- _What you will do_: Those lines of the records that contain "個別スタンプ" are to be located and copied.
*** Supplied material ***
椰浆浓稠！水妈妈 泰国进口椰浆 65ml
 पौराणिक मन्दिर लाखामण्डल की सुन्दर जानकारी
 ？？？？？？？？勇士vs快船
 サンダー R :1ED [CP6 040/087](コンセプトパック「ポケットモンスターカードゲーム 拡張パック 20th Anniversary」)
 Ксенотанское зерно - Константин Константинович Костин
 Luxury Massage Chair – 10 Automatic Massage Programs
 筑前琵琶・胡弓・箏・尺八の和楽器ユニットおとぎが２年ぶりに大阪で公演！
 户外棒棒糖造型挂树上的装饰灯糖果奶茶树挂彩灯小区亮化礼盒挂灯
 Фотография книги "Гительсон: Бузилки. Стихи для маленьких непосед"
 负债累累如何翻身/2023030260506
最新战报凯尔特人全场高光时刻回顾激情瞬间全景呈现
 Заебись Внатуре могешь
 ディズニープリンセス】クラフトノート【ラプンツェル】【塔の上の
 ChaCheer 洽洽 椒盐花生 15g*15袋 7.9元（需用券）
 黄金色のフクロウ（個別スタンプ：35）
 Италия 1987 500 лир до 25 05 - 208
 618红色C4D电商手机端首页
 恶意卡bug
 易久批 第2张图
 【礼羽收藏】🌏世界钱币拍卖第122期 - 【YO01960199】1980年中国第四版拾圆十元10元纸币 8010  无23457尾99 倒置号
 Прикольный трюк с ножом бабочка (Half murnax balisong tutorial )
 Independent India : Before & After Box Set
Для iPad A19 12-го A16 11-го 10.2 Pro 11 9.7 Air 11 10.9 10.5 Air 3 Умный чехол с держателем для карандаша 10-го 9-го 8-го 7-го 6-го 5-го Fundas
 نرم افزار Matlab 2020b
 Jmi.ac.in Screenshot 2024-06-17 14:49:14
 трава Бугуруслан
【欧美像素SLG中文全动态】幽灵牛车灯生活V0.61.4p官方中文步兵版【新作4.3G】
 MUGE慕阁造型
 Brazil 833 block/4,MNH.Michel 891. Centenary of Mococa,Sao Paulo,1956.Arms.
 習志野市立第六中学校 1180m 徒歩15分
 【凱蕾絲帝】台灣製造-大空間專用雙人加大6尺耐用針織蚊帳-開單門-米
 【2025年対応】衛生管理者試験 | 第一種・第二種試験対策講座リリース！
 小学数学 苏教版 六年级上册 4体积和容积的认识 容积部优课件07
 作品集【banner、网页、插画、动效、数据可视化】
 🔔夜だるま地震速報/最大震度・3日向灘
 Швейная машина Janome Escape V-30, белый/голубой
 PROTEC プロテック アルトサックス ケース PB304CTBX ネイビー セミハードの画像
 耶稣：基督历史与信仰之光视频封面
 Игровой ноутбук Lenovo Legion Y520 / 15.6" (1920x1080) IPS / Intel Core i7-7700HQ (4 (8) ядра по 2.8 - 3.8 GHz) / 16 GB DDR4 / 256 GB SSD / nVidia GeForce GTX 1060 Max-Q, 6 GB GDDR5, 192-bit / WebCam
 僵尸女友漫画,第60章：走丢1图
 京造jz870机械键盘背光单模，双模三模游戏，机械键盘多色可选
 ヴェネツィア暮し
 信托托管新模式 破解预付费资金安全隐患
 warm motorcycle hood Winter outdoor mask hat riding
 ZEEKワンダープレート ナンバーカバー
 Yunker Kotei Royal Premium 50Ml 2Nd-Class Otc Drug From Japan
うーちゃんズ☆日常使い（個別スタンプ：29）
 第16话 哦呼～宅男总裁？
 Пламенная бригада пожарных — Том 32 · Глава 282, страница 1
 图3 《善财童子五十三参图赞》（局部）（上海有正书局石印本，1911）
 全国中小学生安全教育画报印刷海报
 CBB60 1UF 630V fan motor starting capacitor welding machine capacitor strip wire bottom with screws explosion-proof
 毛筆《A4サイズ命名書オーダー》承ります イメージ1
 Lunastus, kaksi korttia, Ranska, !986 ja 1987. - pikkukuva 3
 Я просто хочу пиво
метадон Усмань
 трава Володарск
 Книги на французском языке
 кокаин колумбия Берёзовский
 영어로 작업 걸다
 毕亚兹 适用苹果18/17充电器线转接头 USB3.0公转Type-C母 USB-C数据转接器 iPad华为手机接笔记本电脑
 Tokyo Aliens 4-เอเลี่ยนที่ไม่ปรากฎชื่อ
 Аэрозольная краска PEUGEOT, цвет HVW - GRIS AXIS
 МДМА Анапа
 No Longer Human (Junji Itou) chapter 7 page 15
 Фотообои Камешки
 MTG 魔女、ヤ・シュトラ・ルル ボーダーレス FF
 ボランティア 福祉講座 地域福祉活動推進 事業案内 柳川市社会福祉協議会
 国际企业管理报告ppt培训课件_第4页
*** End of Supplied material ***
- _Reply to the exercise_:
 黄金色のフクロウ（個別スタンプ：35）
うーちゃんズ☆日常使い（個別スタンプ：29）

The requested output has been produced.